Comprehensive Study Notes: Stochastic Processes and the Poisson Process

Chapter 4: The Poisson Process

The Poisson process is considered one of the most fundamental models in probability theory and stochastic processes. It provides a mathematical description for the occurrence of random events over time. Common examples include:

The arrival of customers at a service desk.
The emission of particles from a radioactive source.
Phone calls incoming to a call centre.

Two central ingredients underlie the Poisson process:

The number of arrivals in a given time interval follows a Poisson distribution.
The waiting time between successive arrivals is exponentially distributed.

4.1 The Exponential Distribution

The exponential distribution is the canonical model for the waiting time until the first occurrence of a random event that happens at a constant average rate.

Definition 4.1.1

A random variable $X : \Omega \rightarrow \mathbb{R}$ is said to follow an exponential distribution with parameter \lambda > 0 if:

$P(X \in [a, b]) = \int_a^b \lambda e^{-\lambda\beta} \, d\beta$

for all $0 \leq a \leq b$ . Equivalently, $X$ has the probability density function:

$f_X(x) = \lambda e^{-\lambda x}$

for all $x \geq 0$ . The notation used is $X \sim \exp(\lambda)$ .

Lemma 4.1.2: Properties of the Exponential Distribution

Let $X$ be exponentially distributed with parameter \lambda > 0. Then:

(a) Cumulative Distribution Function (CDF): $F_X(\beta) = \begin{cases} 1 - e^{-\lambda\beta} & \text{if } \beta \geq 0 \\ 0 & \text{else} \end{cases}$
(b) Expectation and Variance: $E[X] = \frac{1}{\lambda}$ $\text{Var}(X) = \frac{1}{\lambda^2}$
(c) Moment Generating Function (MGF): $G_X(\beta) := E[e^{\beta X}] = \frac{\lambda}{\lambda - \beta}$ for all \beta < \lambda.

Proof of Lemma 4.1.2:

(a) For $\beta \geq 0$ : $F_X(\beta) = \int_0^\beta f_X(\alpha) \, d\alpha = \int_0^\beta \lambda e^{-\lambda\alpha} \, d\alpha = 1 - e^{-\lambda\beta}$ .
(b) Integrating by parts with $u = \beta$ , $dv = \lambda e^{-\lambda\beta} d\beta$ : $E[X] = \int_0^\infty \beta \lambda e^{-\lambda\beta} \, d\beta = [-\beta e^{-\lambda\beta}]_0^\infty + \int_0^\infty e^{-\lambda\beta} \, d\beta = \frac{1}{\lambda}$ . Similarly, $E[X^2] = \int_0^\infty \beta^2 \lambda e^{-\lambda\beta} \, d\beta = \frac{2}{\lambda^2}$ . Thus, $\text{Var}(X) = \frac{2}{\lambda^2} - (\frac{1}{\lambda})^2 = \frac{1}{\lambda^2}$ .
(c) For \beta < \lambda: $G_X(\beta) = \int_0^\infty e^{\beta \alpha} \lambda e^{-\lambda \alpha} \, d\alpha = \lambda \int_0^\infty e^{-(\lambda-\beta)\alpha} \, d\alpha = \frac{\lambda}{\lambda - \beta}$ .

Theorem 4.1.3: Lack of Memory Property

An exponential random variable has a unique feature known as the lack-of-memory (or memoryless) property.

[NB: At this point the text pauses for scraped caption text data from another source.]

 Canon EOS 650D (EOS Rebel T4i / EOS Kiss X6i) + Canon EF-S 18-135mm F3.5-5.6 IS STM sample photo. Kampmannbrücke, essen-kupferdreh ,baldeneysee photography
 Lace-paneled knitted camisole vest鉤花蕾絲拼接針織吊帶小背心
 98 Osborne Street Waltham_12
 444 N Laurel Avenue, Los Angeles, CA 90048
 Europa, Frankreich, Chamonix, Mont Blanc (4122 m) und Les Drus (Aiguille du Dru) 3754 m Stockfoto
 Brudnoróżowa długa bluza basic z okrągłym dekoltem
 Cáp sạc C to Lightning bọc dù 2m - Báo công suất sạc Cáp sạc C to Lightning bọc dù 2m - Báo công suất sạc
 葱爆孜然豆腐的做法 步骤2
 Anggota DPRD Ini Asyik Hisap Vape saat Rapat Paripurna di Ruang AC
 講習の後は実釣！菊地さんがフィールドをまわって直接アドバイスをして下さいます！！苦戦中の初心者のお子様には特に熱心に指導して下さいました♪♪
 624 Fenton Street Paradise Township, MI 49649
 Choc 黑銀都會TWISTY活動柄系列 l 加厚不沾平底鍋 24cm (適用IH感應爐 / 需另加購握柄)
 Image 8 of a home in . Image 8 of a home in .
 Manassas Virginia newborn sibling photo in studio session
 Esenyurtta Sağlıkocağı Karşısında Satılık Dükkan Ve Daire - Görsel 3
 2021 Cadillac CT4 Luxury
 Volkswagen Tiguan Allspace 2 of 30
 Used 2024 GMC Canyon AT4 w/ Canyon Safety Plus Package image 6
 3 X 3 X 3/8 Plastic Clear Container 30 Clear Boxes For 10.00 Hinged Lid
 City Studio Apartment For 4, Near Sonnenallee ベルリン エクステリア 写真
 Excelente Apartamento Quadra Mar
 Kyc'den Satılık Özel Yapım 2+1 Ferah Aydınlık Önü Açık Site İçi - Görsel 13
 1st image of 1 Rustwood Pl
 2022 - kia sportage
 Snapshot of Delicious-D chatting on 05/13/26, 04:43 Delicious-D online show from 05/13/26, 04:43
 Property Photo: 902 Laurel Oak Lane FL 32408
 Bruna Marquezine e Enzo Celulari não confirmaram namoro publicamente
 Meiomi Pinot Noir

Informally: "If we have already waited $t$ units of time, the probability of having to wait at least $s$ further units is the same as if no time had elapsed."

If $X \sim \exp(\lambda)$ , then for all $s, t \geq 0$ :

P(X > t + s | X > t) = P(X > s)

Proof: By Lemma 4.1.2, P(X > t) = 1 - F_X(t) = e^{-\lambda t}. Thus:

P(X > t + s | X > t) = \frac{P(X > t + s)}{P(X > t)} = \frac{e^{-\lambda(t+s)}}{e^{-\lambda t}} = e^{-\lambda s} = P(X > s).

Among all continuous probability distributions with a density, the exponential is the only one possessing this property. In the discrete setting, the geometric distribution is the unique distribution with this property.

Examples of the Exponential Distribution

Example 4.1.4 (Bank Session): Let $X$ denote the time (in minutes) a customer spends in a bank, assumed exponential with mean 10 minutes (implying $\lambda = \frac{1}{10}$ ).
- Probability spending more than 15 minutes: P(X > 15) = e^{-\lambda(15)} = e^{-3/2} \approx 0.220.
- Probability spending more than 15 minutes given the customer is still there after 10 minutes: P(X > 15 | X > 10) = P(X > 5) = e^{-\lambda(5)} = e^{-1/2} \approx 0.604.
Example 4.1.5 (Lightbulb Lifetime): Lifetime $X$ (in hours) is exponential with mean 10 ( $X \sim \exp(1/10)$ ). You find the bulb working. The probability it lasts another 5 hours is P(X > t + 5 | X > t) = P(X > 5) = e^{-5/10}. If $X$ were not exponential, the probability would depend on $t$ : $\frac{1 - F_X(t + 5)}{1 - F_X(t)}$ .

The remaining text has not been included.